I continue to work, honing my skills as an eco-advocate. Learning each day how I might make better choices that reflect my compassion for humans and their planet, and building the NGO that my wife and I started a few years back. ECO-Tours of Wisconsin Inc. has allowed us to find homes for over sixty thousand native trees during our first five years. We continue to plant trees with small groups of concerned people who want to learn how to live more sustainable lifestyles. To book a trip you can contact us at:1445 Porlier street
54301-3334 We are in the western great Lakes Region and would love to have you visit.
We also have two yards that are being developed for permaculture, lots of places to explore nature, and we can even offer tours of a zero net energy home. That means that for every BTU of energy the home consumes, they export one back to the grid so that their net energy bill is zero. We continue to reforest with donations we receive, and have a paypal account that you can use to donate funds for that purpose. our account number there is: tnsaladino42@hotmail.com All of our staff is volunteer, so your donations are only spent on trees. We feel that it is the most effective way to make environmental change happen.
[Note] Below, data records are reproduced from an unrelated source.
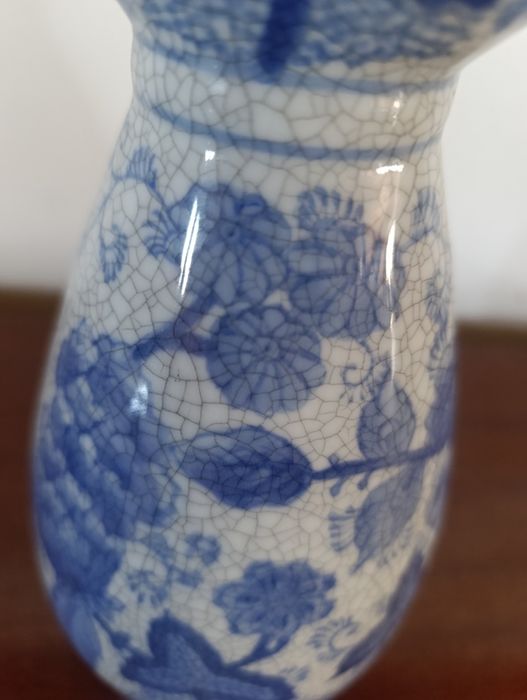 Vaso pintado á mão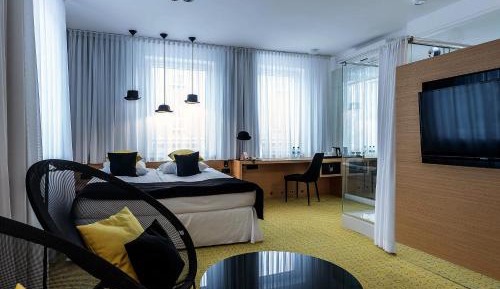 Delux room with king size bed with access to the wellness and fitness area
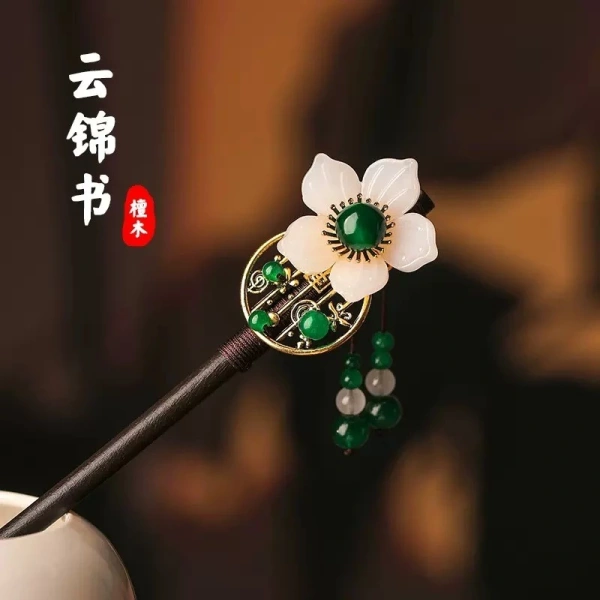 Khi mong đợi vẻ đẹp cổ truyền lại gặp rối tóc vì phụ kiện tóc phong cách Trung Hoa - Ảnh 2 Khi mong đợi vẻ đẹp cổ truyền lại gặp rối tóc vì phụ kiện tóc phong cách Trung Hoa - Ảnh 2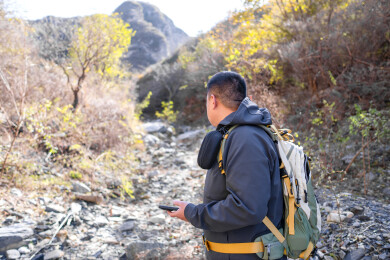 山谷里休息的徒步驴友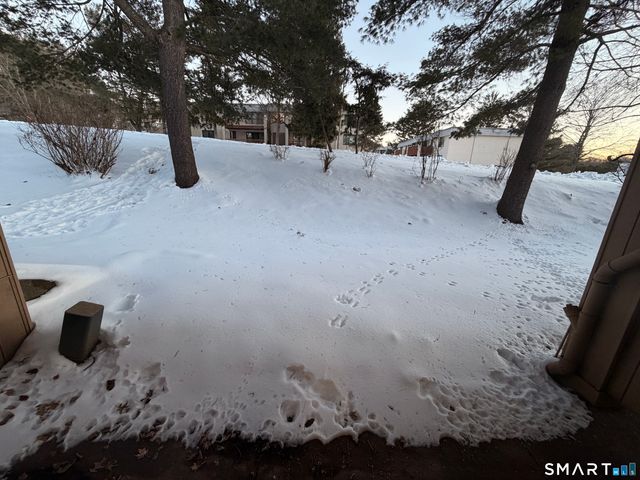 9 Willow Court 9, Cromwell, CT 06416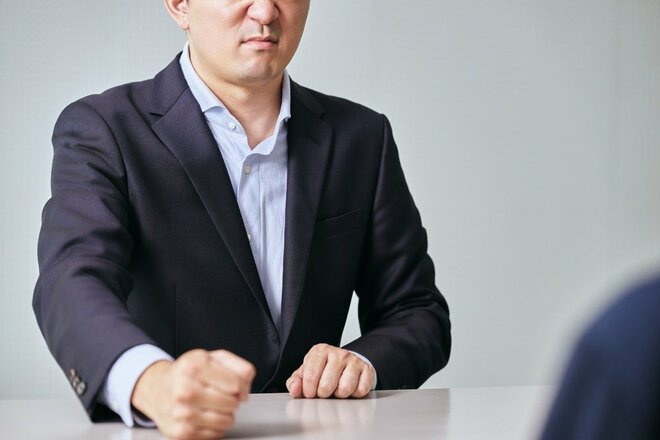 「対人関係で気をつけていること」ランキング、“パワハラ”しないためにも心がけるのは【第4位以下】の画像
3 Responses to Welcome Home

  1. Things are changing rapidly around the issues that I have taught about for over twenty years. This “instant” worldwide communication is part of the hope that I hold for the future. ECO-Tours of Wisconsin has continued to plant trees and on a more and more limited budget, we have had to learn a great deal about efficiency and targeting our efforts to yield the highest results. We are expanding our realm to include a much more far flung territory and are honing our experiential learning tours to include more of a “summer camp for adults” theme and orientation. Anyone who has had the camp experience knows that there are few places that we find ourselves as supported and loved as at camp. Transformative experiences in nature are the rule rather than the exception and skills and attitudes learned in this environment have the power to change who we are for life. If you know of anyone who wants to support this sort of work, please let them know about our efforts, Teaching and learning in a forum devoted to sustainability will have rewards that might be unattainable in any other way. Blessed Be, may the path to your home be surrounded all about with beauty and riches. Bless your skep and vine, orchard and garden beds. May your ever loving hands leave a trace across the ages.

  2. Pingback: Welcome Home | Permaculture, ECO-ethics, Trees | Four Blue Hills (A repository, of sorts)

    • Thanks for the share. I used to have to put many hours into a single environmental fanzine to get the word out about ecological issues. with your help, I have been able to contact many more people with news about the critical changes that we have been able to make across the Great Lakes Region and beyond!